Location
- Wassenaar, South Holland, PO Box 486, 2240 AL Netherlands

District information
- Type: Multi-school educational foundation, Stichting
- Established: 1936
- Chair of the board: Arjan Kastelein
- Governing agency: Ministry of Education and Inspectorate of Education
- Schools: 9

Students and staff
- Students: 7,400
- Faculty: 1,100

Other information
- Website: rijnlandslyceum.nl/en/

= Rijnlands Lyceum Foundation =

Educational foundation in the Netherlands

Stichting
The Rijnlands Lyceum Foundation (Stichting Het Rijnlands Lyceum) is an educational foundation in the Netherlands encompassing nine different schools; three offering primary education and six offering secondary education. The Foundation, established in 1936, is based in Wassenaar, a suburb of The Hague.

==Management==

The sole member and chair of the Foundation's executive board is Arjan Kastelein, who is accountable to the supervisory board chaired by Johan van der Werff. Previous chairs of the supervisory board include, Frans Weisglas, former Speaker of the House of Representatives of the Netherlands, and Hans Dijkstal, former Deputy Prime Minister of the Netherlands.

==Responsibilities==

The Foundation is responsible for financial administration, the maintenance of buildings and IT infrastructure, and the recruitment of staff. The Foundation, as the "competent authority", is responsible for the quality of the education and is accountable to the Dutch Ministry of Education and the Dutch Education Inspectorate.

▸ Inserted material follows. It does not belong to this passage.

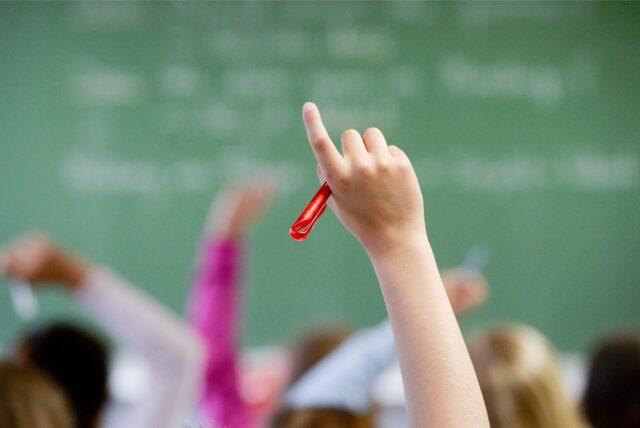 Schüler zeigen im Unterricht auf.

==Schools in the organisation==
The organisation comprises nine schools:
- Rijnlands Lyceum Oegstgeest (secondary)
- Rijnlands Lyceum Sassenheim (secondary)
- Rijnlands Lyceum Wassenaar (secondary)
- International School of The Hague (secondary)
- International School of The Hague (primary)
- International School Wassenaar (secondary)
- European School The Hague (primary)
- European School The Hague (secondary)
- Eerste Nederlandse Montessorischool (primary)

The Rijnlands Lyceum Oegstgeest, Rijnlands Lyceum Sassenheim and Rijnlands Lyceum Wassenaar offer three streams of Dutch secondary education: "pre-vocational secondary education" (MAVO), "higher general continued education" (HAVO), and "preparatory scientific education" (VWO). They also offer bilingual education, in English and Dutch. In addition the Rijnlands Lyceum Oegstgeest has an international department offering the International Baccalaureate Middle Years Programme (IB MYP) and International Baccalaureate Diploma Programme (IBDP).

The International School of The Hague constitutes a primary and secondary school, offering the International Primary Curriculum, the MYP and the IB DP.

The International School Wassenaar, opened on the premises of Rijnlands Lyceum Wassenaar in 2019, offering the International Baccalaureate Middle Years Programme (IB MYP) and from April 2023 the International Baccalaureate Diploma Programme (IBDP) with the first students completing their studies in 2025. A new building to meet the demand of over 300 international pupils was begun on 24 August 2023 and was completed and open in time for the school year beginning in September 2024. The IBDP results for the first cohort of 24 students in 2025 included 96% achieving their IB Diploma with an overall average of 31 points and highest score of 40 points.

The European School The Hague opened in 2012, initially offering primary-level education, with its secondary cycle operating from 2014. The school is accredited by the Board of Governors of the European Schools to offer the European Baccalaureate bilingual diploma as its secondary leaving qualification. It prioritises, for enrolment purposes, the children of European Union staff and other non-EU European institutions based nearby.

The Eerste Nederlandse Montessorischool is a primary school offering a Montessori education.